Like sunlight peering into a dusty home, preserved as-is since the death of its final owner.  Appraisers and museum representatives stroll past the house’s treasures, their eyes agape at the relics of cultural history and the relics of an old friend, now passed.  Eric Gautier’s camera strolls by as well, taking in each slice of light peeking through the old windows, illuminating old books and older desks, bringing warmth into a house that has for weeks not been a home.  In the background of each frame are paintings, vases, decorations – in shimmering view in Criterion’s blu-ray disc – that stand witness to the years past, as well as the lived nature of art: that a vase once held flowers and an antique cabinet once stored children’s toys.

Like the tired gaze of the old housekeeper Eloise, who returns to the house after the paintings have been bubble-wrapped and hauled away.  Eloise walks by the locked house, peering through the windows to soak up the remnants of a house emptied out.  As the sunlight strikes her face through the trees, she comes to life as the lone survivor of a Renoir painting, a flâneuse at a Montmarte soiree returning to the setting of those glory days.

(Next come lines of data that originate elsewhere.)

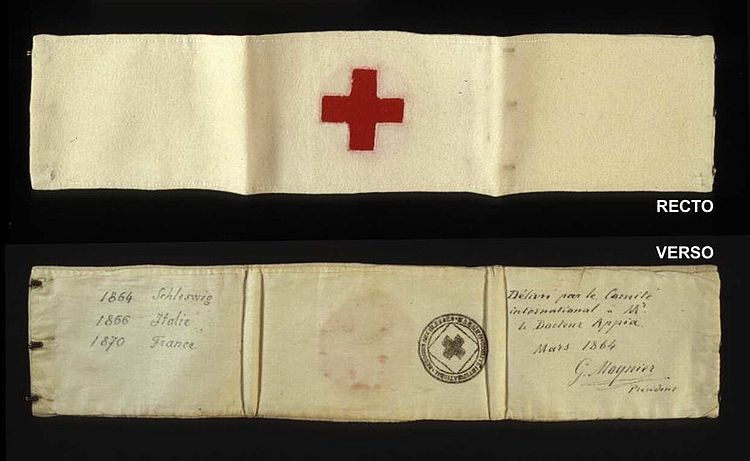 Erste Rotkreuz-Armbinde, wie sie Louis Appia 1864 getragen hat. Der Chirurg gehörte zu den fünf Gründungsmitgliedern des Internationalen Komitees vom Roten Kreuz (IKRK) Erste Rotkreuz-Armbinde, wie sie Louis Appia 1864 getragen hat. Der Chirurg gehörte zu den fünf Gründungsmitgliedern des Internationalen Komitees vom Roten Kreuz (IKRK)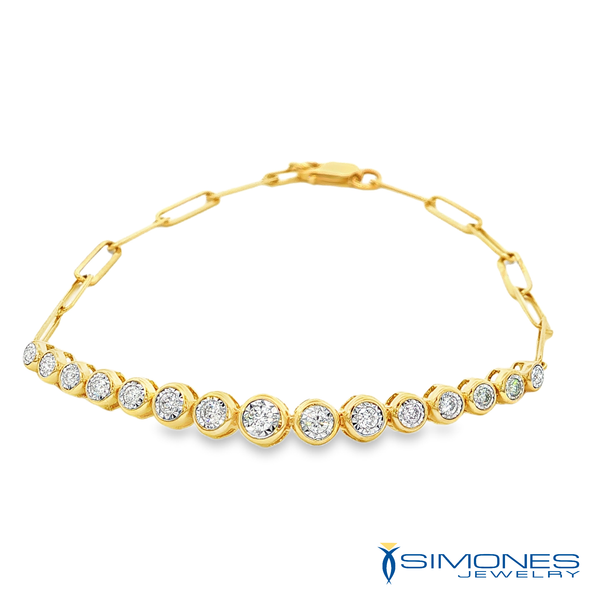 14K Yellow Diamond Bracelet Image 2 Simones Jewelry, LLC Shrewsbury, NJ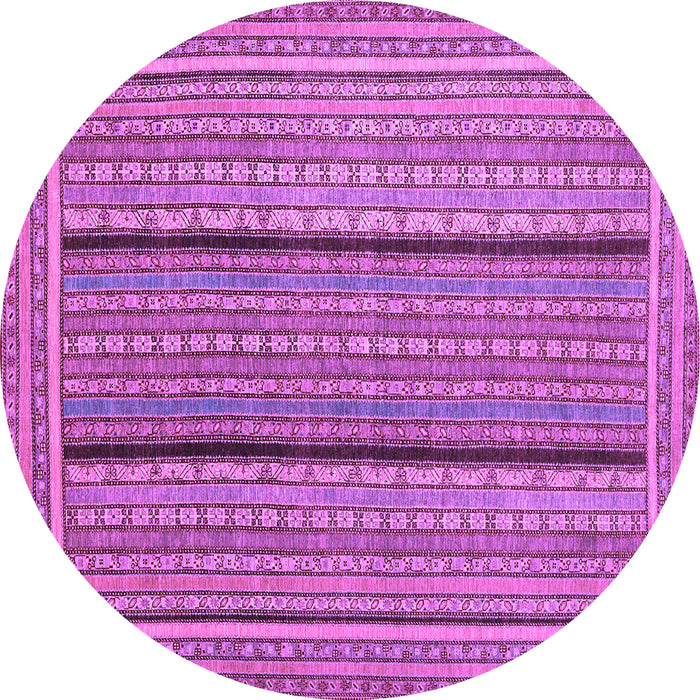Round Abstract Purple Contemporary Rug, con1065pur
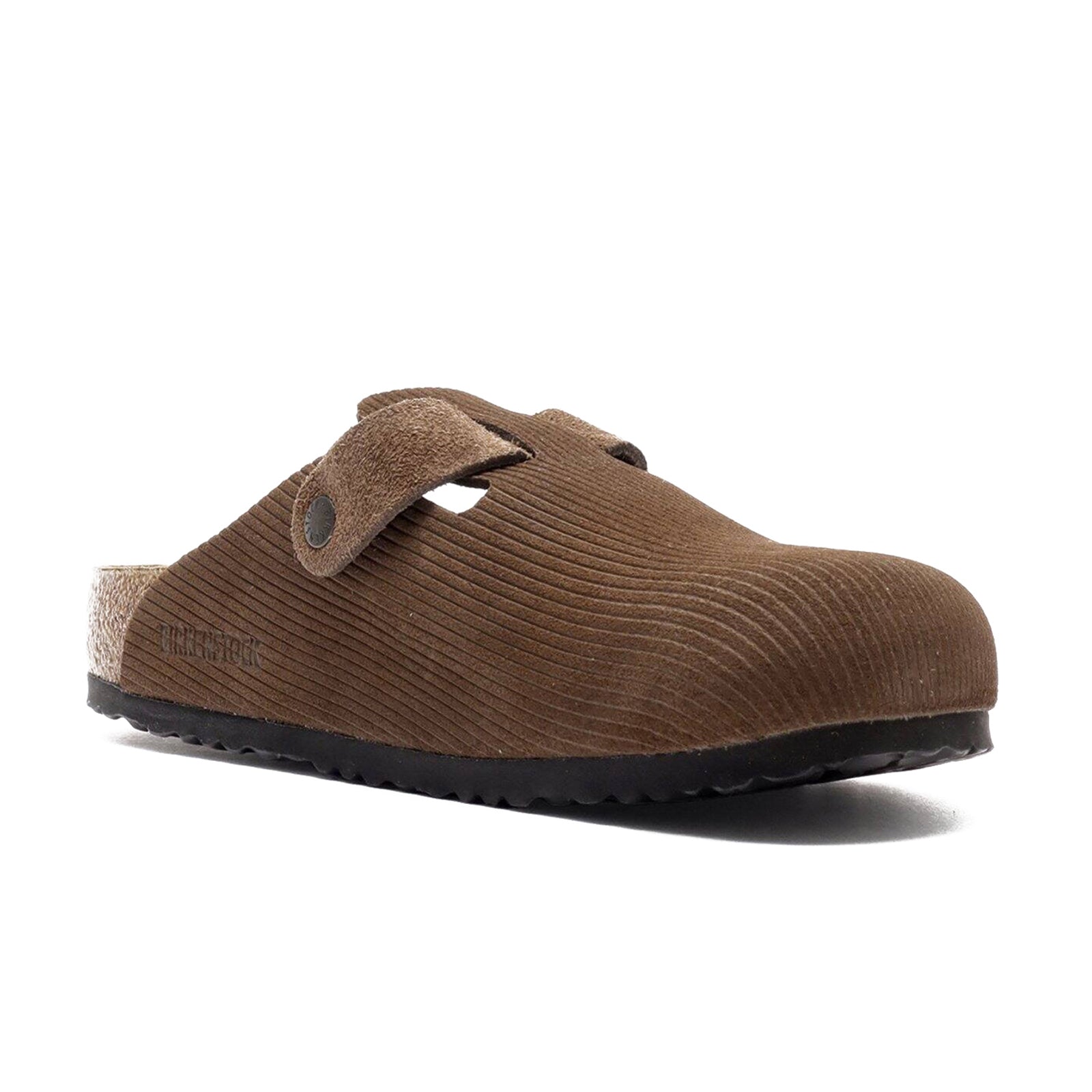 Birkenstock Boston BS 1028227 Suede Leather Embossed Unisex Sandals - Corduroy Dark Tea - 38#color_corduroy dark tea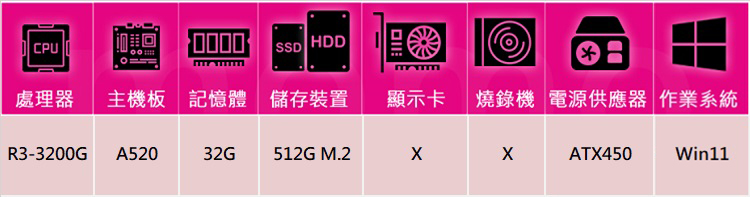 華碩平台 R3四核 Win11{聖獸鐵衛W}文書機(R3-3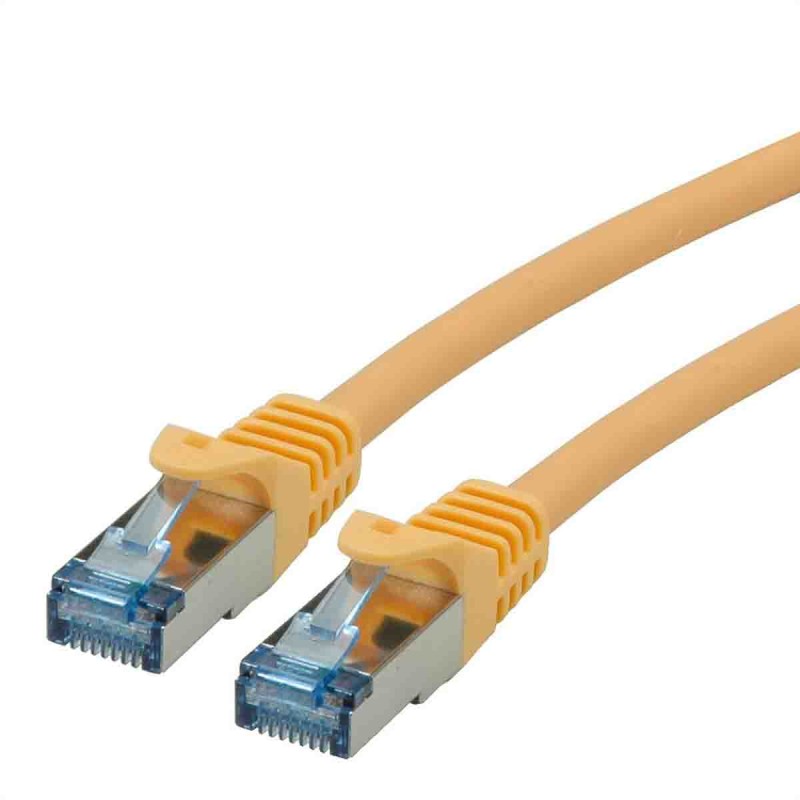 1 pcs - Roline Cat6a Male RJ45 to Male RJ45 Ethernet Cable, S/FTP, Yellow LSZH Sheath, 5m, Low Smoke Zero Halogen (LSZH)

Like teenagers dancing in the final hours of summer.  With the parents away, cousins use the old house for one last house party.  Gautier follows the teens through the old corridors in breathtaking long takes.  Friends cross paths and hip-hop blasts.  The music switches to a poppy indie rock and the girls shimmy away.  As the sun starts to set we realize that these moments in the film’s eloquent final scene are not of teens who forsake the past with their boomboxes and beer.  No, they, unlike their jaded parents, are the only ones left who still live this house rather than preserve or sanctify it.  They party just as their great great uncle did there a century earlier.  Their jubilant faces match the youthful statues in the yard.  Nostalgia is for those coping with loss.  For the young, the final sunset is for dancing.